I bought one and set it up today. Bought it online and picked it up locally curbside.

The sale is only on for a few more days


----------



## ian (Jun 18, 2016)

Have you created your W11 recovery drive yet as per the vendor recommendation???

If not.....make it a priority.


----------



## andrewf (Mar 1, 2010)

I generally recommend against all-in-ones. When any component dies, the whole thing is junk, and they tend to be less repairable than notebooks. I let my parents get one once, I now suggest they get a notenook and use a wireless keyboard/mouse and external monitor.


----------



## sags (May 15, 2010)

ian said:


> Have you created your W11 recovery drive yet as per the vendor recommendation???
> 
> If not.....make it a priority.


Thanks for the reminder. .......

I had a new USB stick in the computer so it only involved a few computer clicks. 

It is taking awhile though.......16 gigs and it formats the USB so a new one is best. I also checked to be sure I have the Windows back up to One Drive on.


----------



## sags (May 15, 2010)

I have a laptop and tablets that I never use.

My wife uses a tablet and I also have a backup desktop hooked up in a spare room.

Then there is the Iphone, Alexa devices, and smart TVs.......so I can get to the internet one way or another.

The biggest problem is Rogers Telecom.........brutal, they are down all the time and never tell people, so you go around restarting modems and they report no outages......and then like a miracle it suddenly starts working again 8 hours later.


----------



## ian (Jun 18, 2016)

sags said:


> I have a laptop and tablets that I never use.
> 
> My wife uses a tablet and I also have a backup desktop hooked up in a spare room.
> 
> ...


Do you have a choice of network providers where you live? If so, why not vote with your feet and your wallet?


----------



## nathan79 (Feb 21, 2011)

Not bad for that price. I would certainly not pay anywhere near regular price for this machine.

This is HP's budget all-in-one. The mid range is called Pavilion and the high end is called Envy.

8GB of RAM is very little for this day and age. I would see about upgrading to 16GB or 32GB.

The 2.1GHz AMD Ryzen 5 5500U is a mobile processor. It's fairly snappy, but it won't compete with desktop processors.

The 512GB SSD is very little storage. It doesn't seem to have a secondary drive, so you will need an external hard drive, or pay for cloud storage.

No optical drive will be an issue for some.

It's still a decent deal as long as you're aware of the limitations.


----------



## andrewf (Mar 1, 2010)

Optical drives are pretty well obsolete. Worst case, you can get an external USB one for like $20.

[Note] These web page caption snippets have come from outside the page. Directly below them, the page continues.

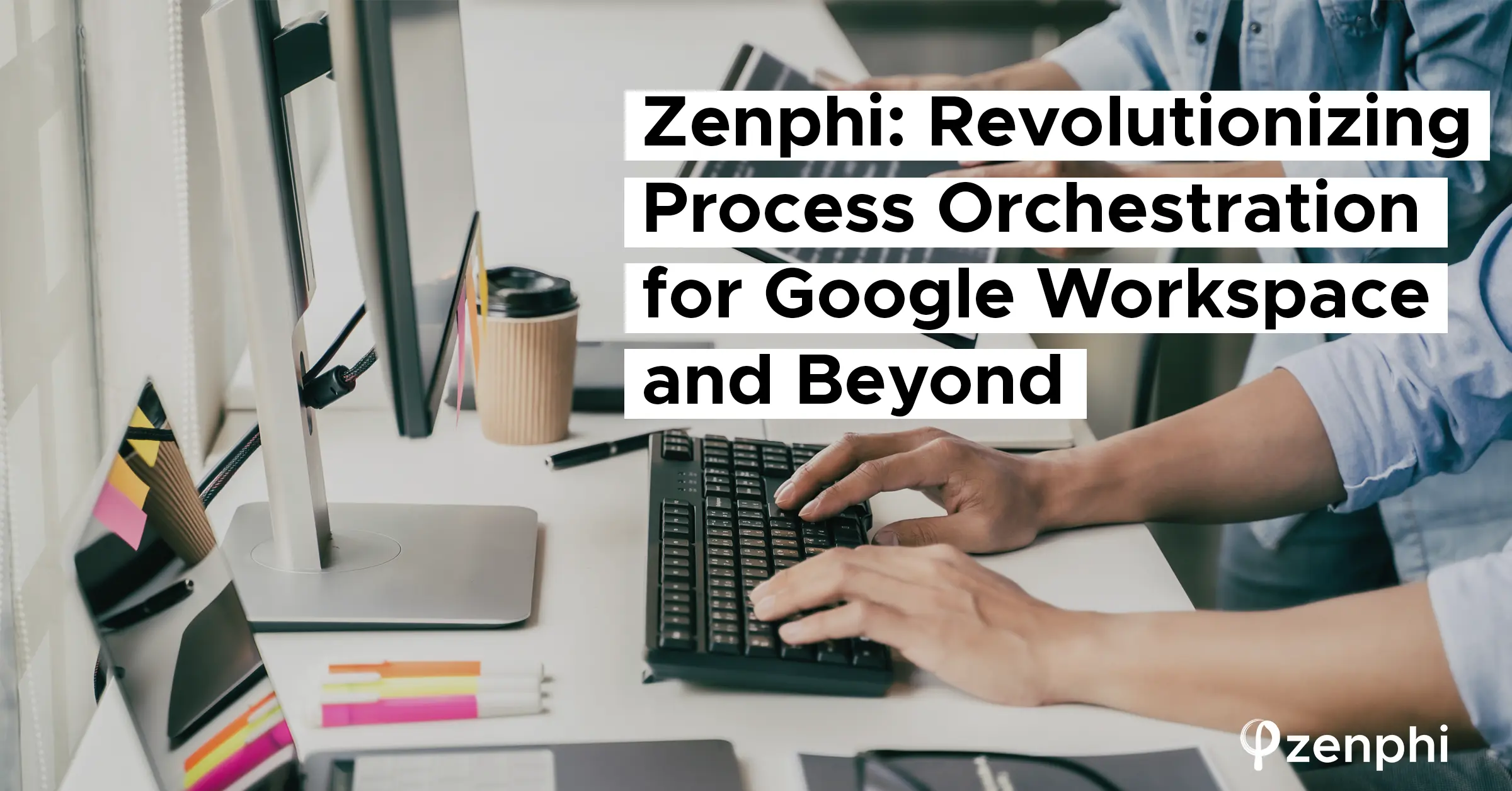 Revolutionizing Process Orchestration for Google Workspace and Beyond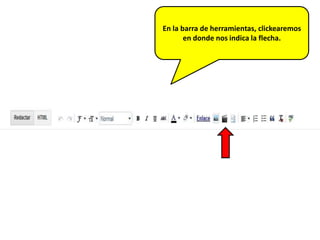 En la barra de herramientas, clickearemos
       en donde nos indica la flecha.
 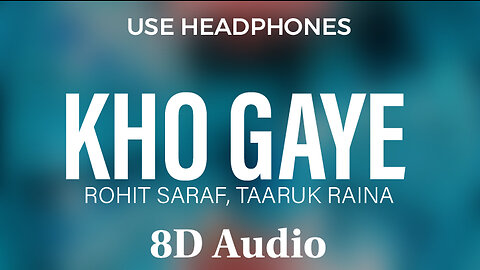 Kho Gaye | 8D Audio | Rohit Saraf, Taaruk Raina | Netflix | @flowmusicz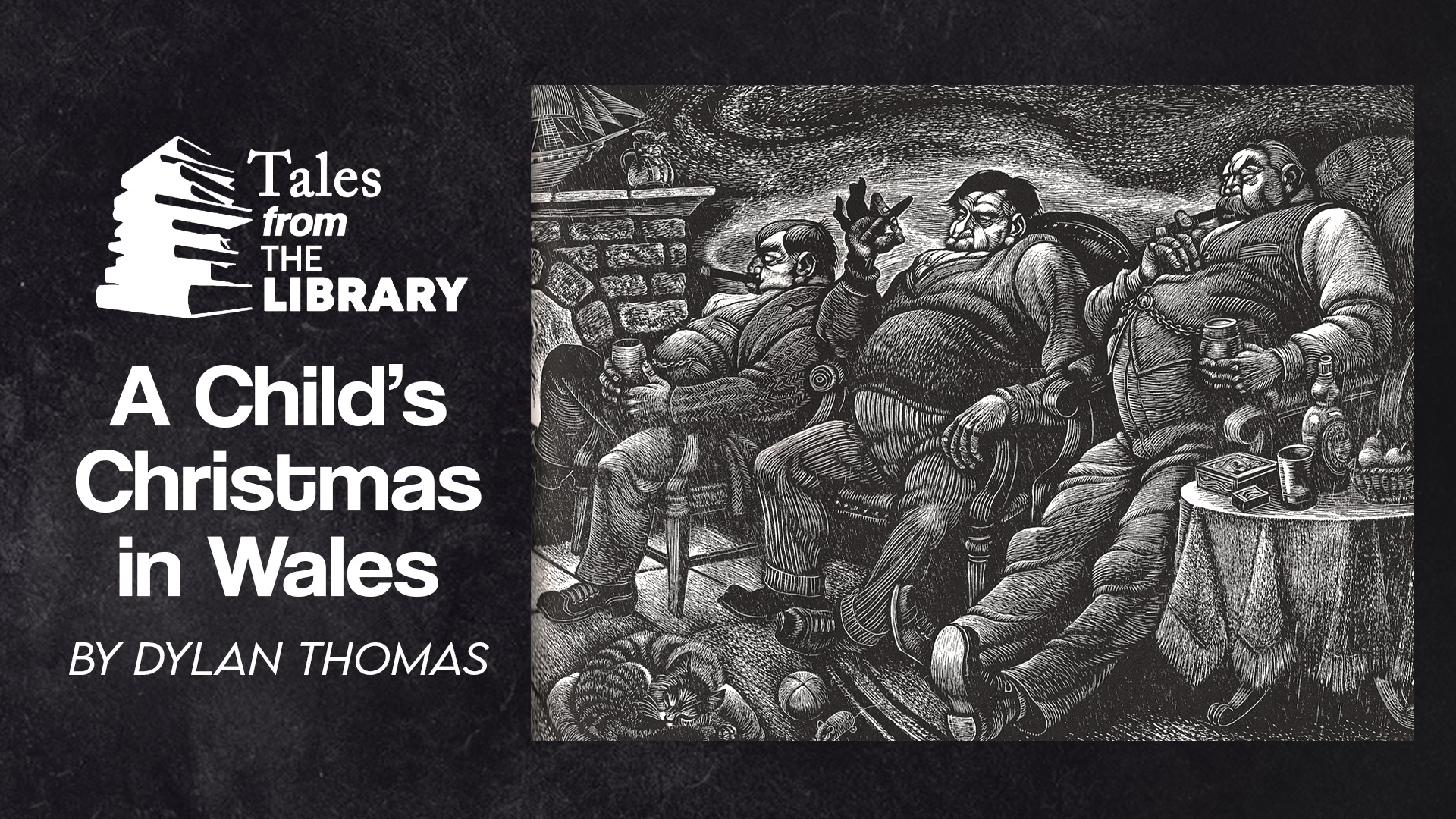 Tales From The Library - A Child’s Christmas in Wales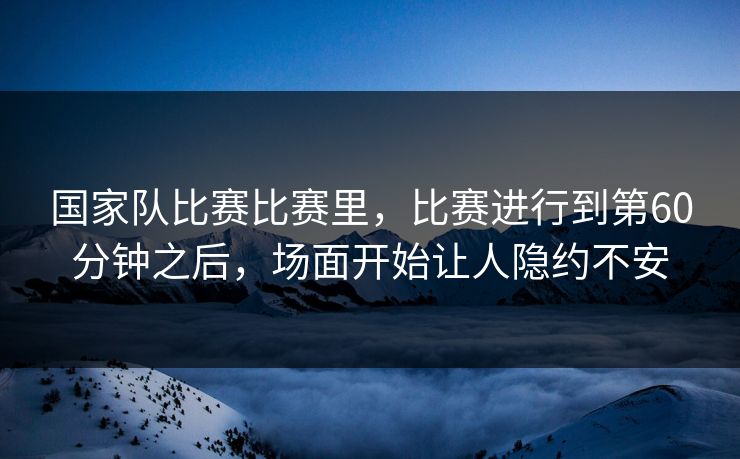 国家队比赛比赛里,比赛进行到第60分钟之后,场面开始让人隐约不安
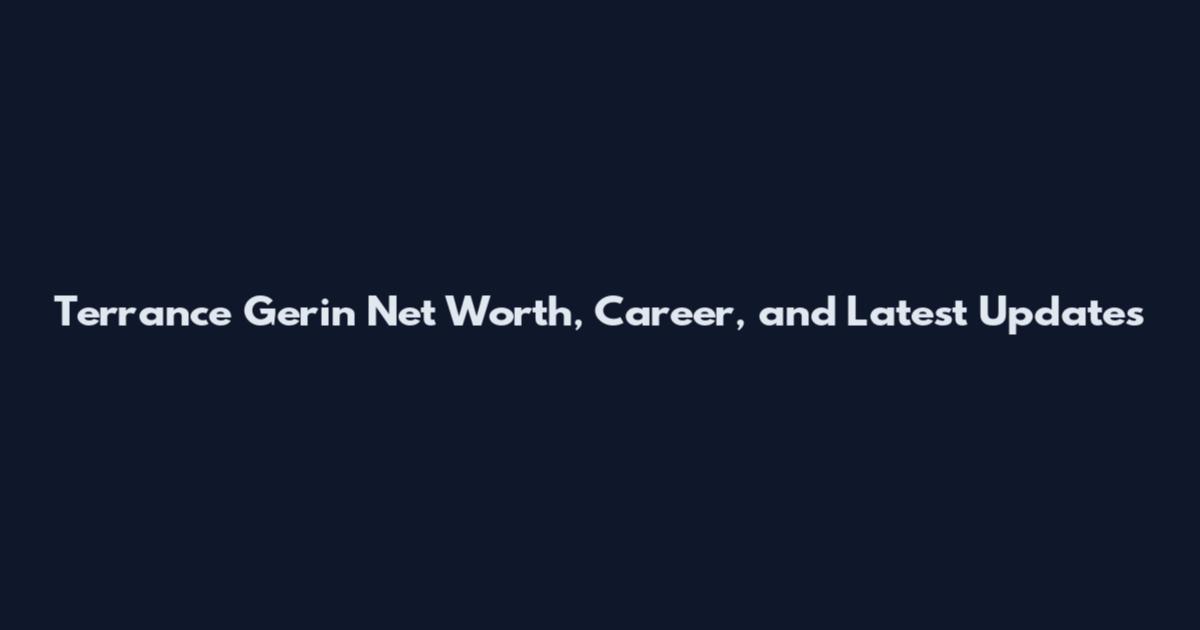 Terrance Gerin Net Worth, Career, and Latest Updates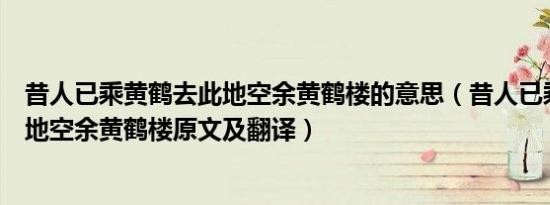 昔人已乘黄鹤去此地空余黄鹤楼的意思（昔人已乘黄鹤去此地空余黄鹤楼原文及翻译）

All-in-ones are a bit silly of a form factor. It is basically notebook components in a package that is not portable.


----------



## sags (May 15, 2010)

ian said:


> Do you have a choice of network providers where you live? If so, why not vote with your feet and your wallet?


Given the number of people around here who use Rogers, I would think there isn't a good substitute for the bundled Rogers Ignite packages.


----------



## ian (Jun 18, 2016)

It pays to shop. 

I certainly would not be happy with the levels of service that you describe.

We were down for two hours when Telus switched us from copper to fibre last month. Apart from that I cannot remember when we last had an outage. It certainly has never been hours.


----------



## nathan79 (Feb 21, 2011)

andrewf said:


> Optical drives are pretty well obsolete. Worst case, you can get an external USB one for like $20.
> 
> All-in-ones are a bit silly of a form factor. It is basically notebook components in a package that is not portable.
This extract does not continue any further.